_Data for review_

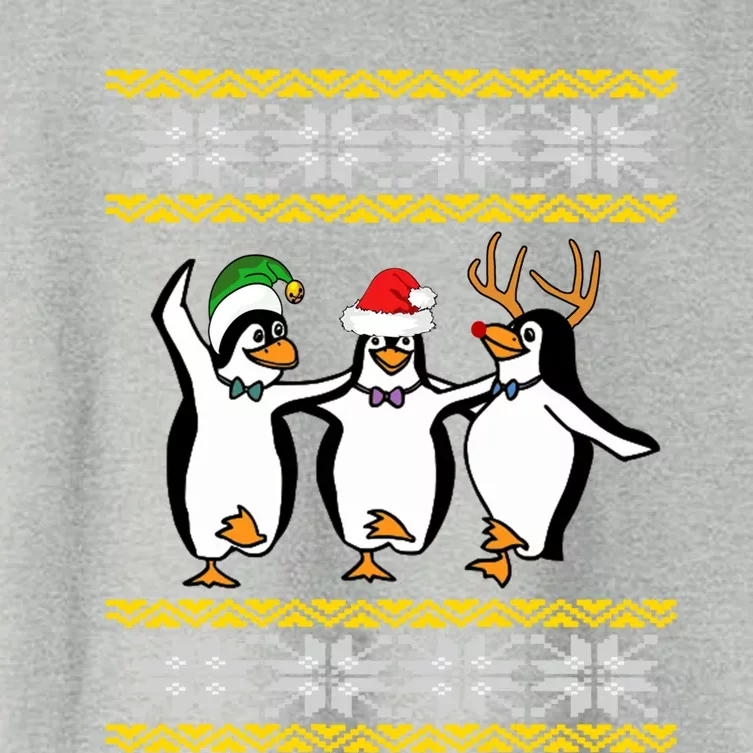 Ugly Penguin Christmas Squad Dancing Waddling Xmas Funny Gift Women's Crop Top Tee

---

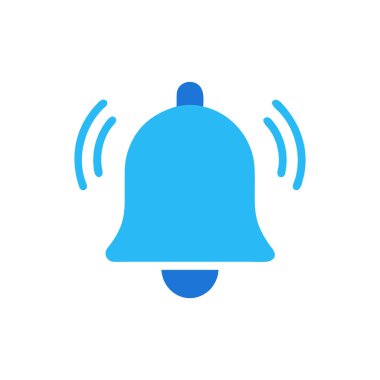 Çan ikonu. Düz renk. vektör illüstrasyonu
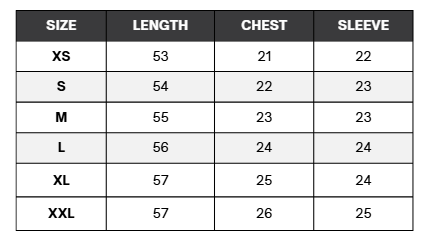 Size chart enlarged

_Task goal_
Look above for the line holding "Çan ikonu. Düz renk. vektör illüstrasyonu" and output everything from it down to the line holding "Size chart enlarged", both ends included, exactly and without images.

_Answer space_
 Çan ikonu. Düz renk. vektör illüstrasyonu
 Size chart enlarged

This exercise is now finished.